Use fast storage (SSD/NVMe) for the queue path. Monitor queue depth — if it grows consistently, your output (Elasticsearch) can't keep up.

Dead letter queue for failed events¶

Instead of dropping events that fail to index, send them to the DLQ for later analysis:

logstash_dead_letter_queue_enable: true
logstash_dead_letter_queue_retain_age: "7d"

Check the DLQ periodically for mapping conflicts or malformed events that need pipeline fixes.

Monitoring¶

Monitor the stack itself¶

At minimum, deploy Metricbeat on all nodes to collect cluster metrics:

group_vars/all.yml

beats_metricbeat: true
beats_metricbeat_modules:
  - system
  - elasticsearch-xpack
  - kibana-xpack
  - logstash-xpack

This feeds Kibana's Stack Monitoring dashboards.
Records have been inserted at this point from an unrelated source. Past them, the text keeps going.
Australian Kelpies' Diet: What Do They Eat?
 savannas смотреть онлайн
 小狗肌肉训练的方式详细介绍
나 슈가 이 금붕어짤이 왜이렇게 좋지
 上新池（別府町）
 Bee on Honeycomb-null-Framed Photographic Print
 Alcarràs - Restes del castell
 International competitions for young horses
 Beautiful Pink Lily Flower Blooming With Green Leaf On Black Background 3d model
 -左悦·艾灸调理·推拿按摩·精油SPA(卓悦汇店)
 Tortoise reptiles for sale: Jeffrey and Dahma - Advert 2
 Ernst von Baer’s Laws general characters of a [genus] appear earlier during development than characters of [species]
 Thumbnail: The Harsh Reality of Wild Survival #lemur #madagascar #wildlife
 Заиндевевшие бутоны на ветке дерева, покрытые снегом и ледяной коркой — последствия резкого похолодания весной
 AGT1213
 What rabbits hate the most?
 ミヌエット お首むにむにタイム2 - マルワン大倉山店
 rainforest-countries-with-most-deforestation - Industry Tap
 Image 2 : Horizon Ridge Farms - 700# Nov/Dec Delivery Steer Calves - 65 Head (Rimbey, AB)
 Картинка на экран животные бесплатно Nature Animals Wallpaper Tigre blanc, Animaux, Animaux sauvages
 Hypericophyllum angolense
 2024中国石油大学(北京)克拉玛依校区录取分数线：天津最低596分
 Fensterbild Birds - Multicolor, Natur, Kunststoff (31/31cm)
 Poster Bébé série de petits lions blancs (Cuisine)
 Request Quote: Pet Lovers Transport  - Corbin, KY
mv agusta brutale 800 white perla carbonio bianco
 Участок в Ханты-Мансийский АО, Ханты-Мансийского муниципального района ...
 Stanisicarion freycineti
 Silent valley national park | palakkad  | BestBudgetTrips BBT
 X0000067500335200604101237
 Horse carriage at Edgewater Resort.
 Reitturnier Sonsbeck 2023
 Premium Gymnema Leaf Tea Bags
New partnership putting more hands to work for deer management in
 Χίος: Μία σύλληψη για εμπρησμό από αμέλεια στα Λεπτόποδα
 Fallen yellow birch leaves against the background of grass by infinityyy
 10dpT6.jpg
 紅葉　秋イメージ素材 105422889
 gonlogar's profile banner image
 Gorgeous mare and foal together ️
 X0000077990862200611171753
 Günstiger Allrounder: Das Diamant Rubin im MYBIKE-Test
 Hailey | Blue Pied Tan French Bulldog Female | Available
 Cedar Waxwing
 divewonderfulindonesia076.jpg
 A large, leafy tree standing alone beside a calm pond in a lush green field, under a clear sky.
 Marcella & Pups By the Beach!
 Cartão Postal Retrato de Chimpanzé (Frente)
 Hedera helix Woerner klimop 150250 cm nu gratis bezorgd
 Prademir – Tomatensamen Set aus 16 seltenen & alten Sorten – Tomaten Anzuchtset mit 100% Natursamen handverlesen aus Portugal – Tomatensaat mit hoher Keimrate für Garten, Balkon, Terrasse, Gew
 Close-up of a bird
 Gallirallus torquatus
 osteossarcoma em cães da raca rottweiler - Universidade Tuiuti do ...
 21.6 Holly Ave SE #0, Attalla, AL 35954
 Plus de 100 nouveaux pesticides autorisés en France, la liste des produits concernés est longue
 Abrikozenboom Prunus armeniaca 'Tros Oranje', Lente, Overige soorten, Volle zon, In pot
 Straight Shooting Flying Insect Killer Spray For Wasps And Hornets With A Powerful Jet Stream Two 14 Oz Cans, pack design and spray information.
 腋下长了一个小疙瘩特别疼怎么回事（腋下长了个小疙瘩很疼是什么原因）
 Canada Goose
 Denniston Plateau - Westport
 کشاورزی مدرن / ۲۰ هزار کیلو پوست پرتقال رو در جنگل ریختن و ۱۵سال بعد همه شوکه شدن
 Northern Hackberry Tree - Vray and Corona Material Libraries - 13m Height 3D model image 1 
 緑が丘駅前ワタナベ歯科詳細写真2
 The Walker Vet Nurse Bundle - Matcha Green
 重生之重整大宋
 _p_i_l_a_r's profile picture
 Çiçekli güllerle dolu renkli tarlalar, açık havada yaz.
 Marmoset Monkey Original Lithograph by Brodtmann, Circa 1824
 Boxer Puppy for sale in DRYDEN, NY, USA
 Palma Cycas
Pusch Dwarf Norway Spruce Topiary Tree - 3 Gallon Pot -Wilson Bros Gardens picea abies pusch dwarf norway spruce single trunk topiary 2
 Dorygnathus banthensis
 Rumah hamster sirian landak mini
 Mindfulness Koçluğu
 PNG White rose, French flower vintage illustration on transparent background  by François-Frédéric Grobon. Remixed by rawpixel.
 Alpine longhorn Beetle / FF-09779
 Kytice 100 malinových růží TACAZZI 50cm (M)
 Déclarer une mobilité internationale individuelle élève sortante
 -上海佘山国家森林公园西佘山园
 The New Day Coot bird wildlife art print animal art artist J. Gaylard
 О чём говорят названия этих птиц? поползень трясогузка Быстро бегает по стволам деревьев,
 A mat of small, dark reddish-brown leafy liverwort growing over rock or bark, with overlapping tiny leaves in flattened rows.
For production, send these metrics to a separate monitoring cluster so you can still see what's happening when the production cluster is down.

Alerting¶

Set up Kibana alerting rules for:

Cluster health goes yellow or red
Disk usage exceeds 80% on any node
JVM heap consistently above 85%
Search latency p95 exceeds your SLA
Authentication failures spike (brute force detection)
Audit log volume drops to zero (logging may be broken)

Backups¶

Snapshot every day¶

Configure automated snapshots from day one, not after you need them:

elasticsearch_fs_repo:
  - /mnt/nfs/es-snapshots

After deployment, create an SLM (Snapshot Lifecycle Management) policy via the API or Kibana. Minimum recommended: daily snapshots, 30-day retention.

Test your restores¶

A backup that hasn't been tested is not a backup. Schedule quarterly restore tests to a separate cluster to verify:

Snapshots are complete and not corrupted
Restore procedures are documented and work
Restore time fits within your RTO (Recovery Time Objective)